The "external" interface, as in, the API presented by the library, mostly did
not change. But internally blocks were broken apart, new ones formed, and
logic ripped from one function and placed in another.

To someone seeing the whole, or "the library," changes were 99% internal (some
changes in how options were interpreted).

But from the perspective of any one function, boundaries were crossed quite
promiscuously, and if we'd had unit tests for them, we'd have needed to
(re-)write some.

It's my experience that we are not very good at saying, "THESE are the chunks
into which the program should be divided and thought of," and then never
altering from that. There's always some cross-cutting concern that comes up.
For this reason, I am suspicious of unit-testing-by-default, as "what is a
unit" is often in flux.

------
grink71
One benefit of testing I haven't seen much discussed yet is that testing can
make _fixing_ bugs easier. Many times in my career, there was a bug reported
in a function I am not familiar with, based on a very particular set of
conditions. There is a lot of work required to simply recreate the conditions
that will allow me to debug.

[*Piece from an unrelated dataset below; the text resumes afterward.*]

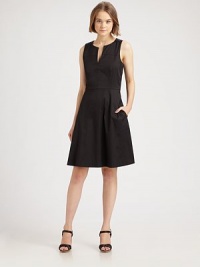 Prim and pretty, this lightweight, cotton-rich v-neck has a full, pleated skirt and front slash pockets. V-neckSleevelessDrop waistSlash pocketsAbout 23 from natural waist74% cotton/23% nylon/3% elastaneDry cleanImported of Italian fabricModel shown is 5'10 (177cm) wearing US size 2. Prim and pretty, this lightweight, cotton-rich v-neck has a full, pleated skirt and front slash pockets. V-neckSleevelessDrop waistSlash pocketsAbout 23 from natural waist74% cotton/23% nylon/3% elastaneDry cleanImported of Italian fabricModel shown is 5'10 (177cm) wearing US size 2.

If I have written a test, where I have created
appropriate fixtures and isolated the logic, I can easily recreate the failure
condition and find where my logic is broken.

------
postalrat
I feel in a few years people will look back and laugh at all the useless tests
we wrote.

I still haven't seen a test that can prove even an identity function is
correct. Yet it's obvious to the programmer.

We lack the technology to properly test software. I like to think tests are a
way to implement twice and hope you got it right at least once. But we aren't
even to that point yet.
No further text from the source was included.